BERLIN: German political leaders, entertainers and sports stars threw their weight on Tuesday into the growing backlash against a new anti-immigration movement, leading calls to defend the country’s hard-won image for tolerance.
A day after tens of thousands again took to the streets in several cities to rally for and against a new group which opposes what it claims is the Islamisation of Europe, 50 prominent figures issued statements in a two-page spread in the Bild daily to push back.
In its latest show of strength, Patriotic Europeans Against the Islamisation of the Occident, or PEGIDA, drew some 18,000 people to a demonstration on Monday in its hub city of Dresden in the former Communist east.
Its sudden emergence over just a few weeks and the regular staging of marches have sparked offshoot protests elsewhere, but also a counter-movement accusing PEGIDA of whipping up xenophobia.
“PEGIDA is not only damaging our country, it is also presenting a poor image of Germany,” warned Foreign Minister Frank-Walter Steinmeier, one of the 50 figures writing in Bild.
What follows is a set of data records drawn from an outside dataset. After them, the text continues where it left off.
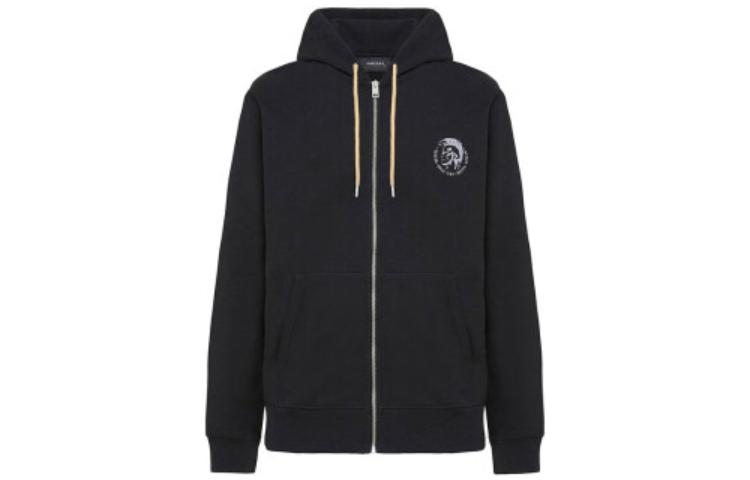 Diesel Black Hoodie Jacket with Graphic Print 00SE8M-0CAND-900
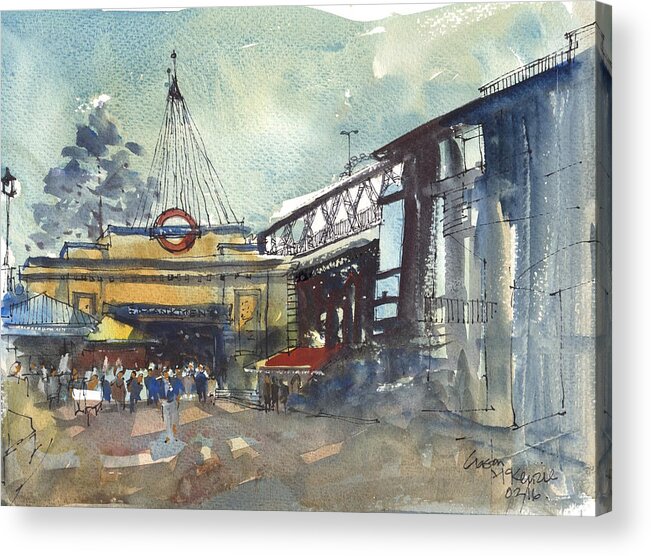 Urban Landscape Acrylic Print featuring the painting London Embankment by Gaston McKenzie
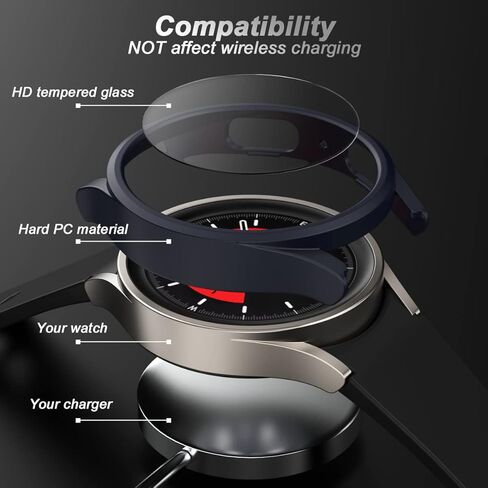واقي شاشة متوافق مع Galaxy Watch 5 Pro، 【عبوة من 4+2】طبقة حماية من الزجاج المقوى عالي الدقة وغطاء ممتص للصدمات من البولي كربونات لساعة Samsung Galaxy Watch 5 Pro، غطاء وجه لساعة Samsung Watch 5 Pro 45 مم in Kuwait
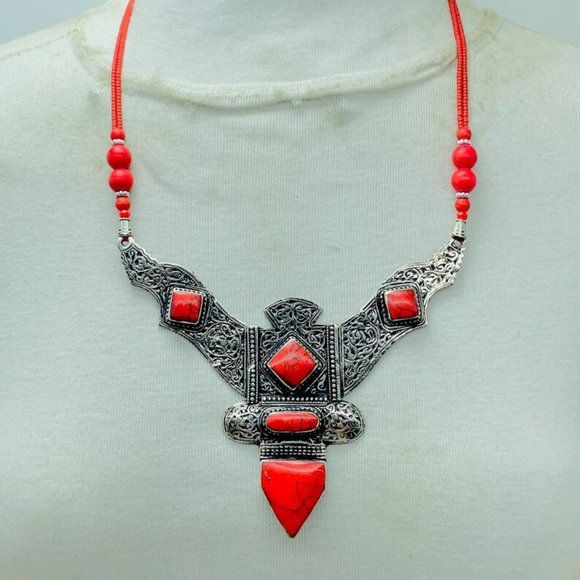 Red Tibetan Coral Gemstone Handmade Necklace,Beaded Chain Nepalese Style Necklac - Picture 3 of 10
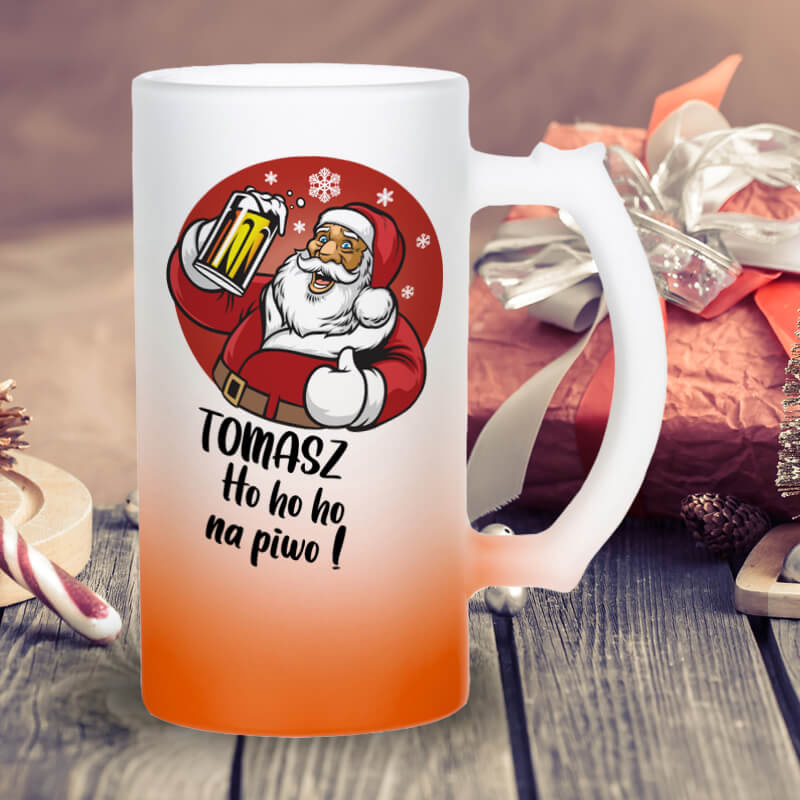 Kufel z mrożonego szkła - Ho ho ho na piwo z imieniem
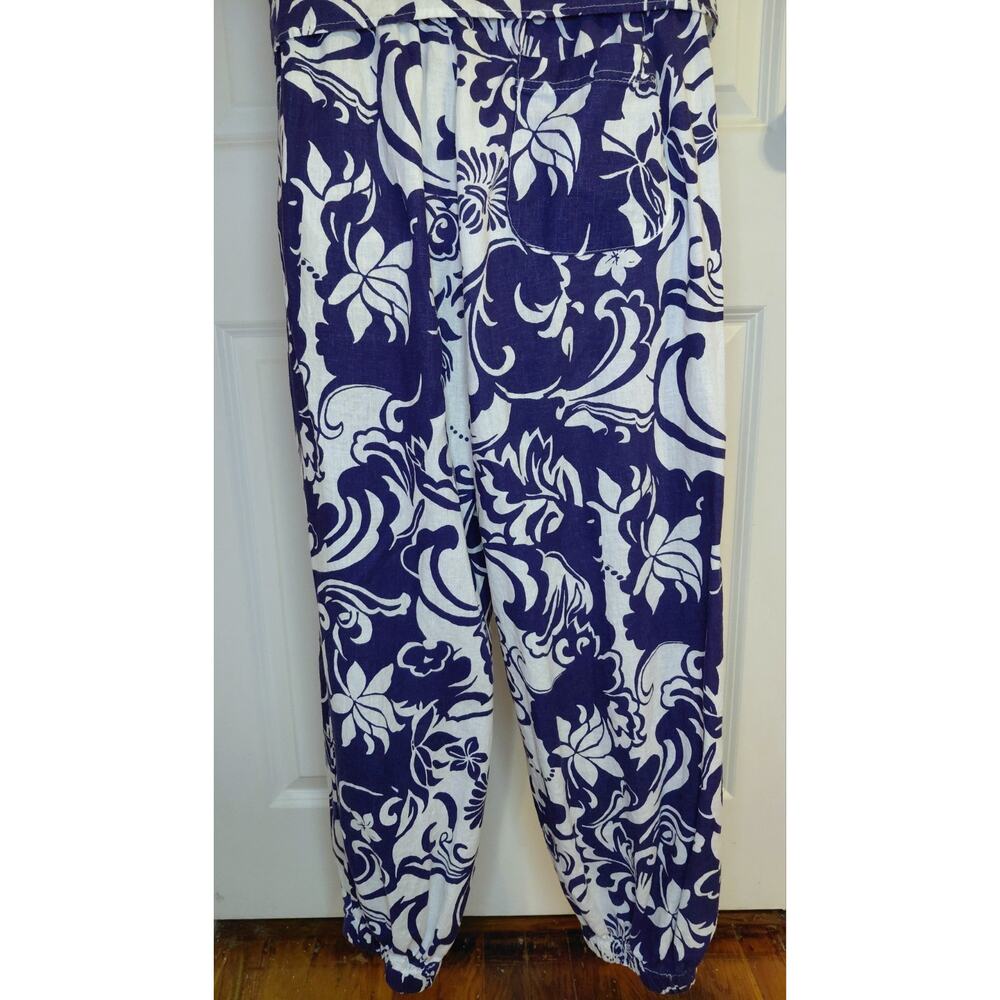 Christian Siriano Blue White Floral Resort Lounge Set Small Beaded Boho Linen - Picture 15 of 16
Ex-chancellor Helmut Schmidt, a still-influential elder statesman, said the PEGIDA protests pandered to “hollow prejudices, xenophobia and intolerance”.
“But that is not Germany,” he added, while Germany’s national football team manager Oliver Bierhoff noted the 2014 World Cup winning squad had included many players with migrant family backgrounds.
Thousands joined counter-protests on Monday in cities such as Berlin, Stuttgart and Cologne, carrying placards such as one that read “Disgrace For Our Country”. Numbers at some demonstrations far outnumbered PEGIDA’s supporters.
In Berlin, around 5,000 took part in the anti-PEGIDA rally, compared to around 300 in support of the group.
Cologne’s imposing Gothic cathedral, carmaker VW’s plant in Dresden and the iconic Brandenburg Gate in the capital Berlin dimmed their lights in protest against PEGIDA, following the lead of Dresden’s Semper opera house a fortnight earlier.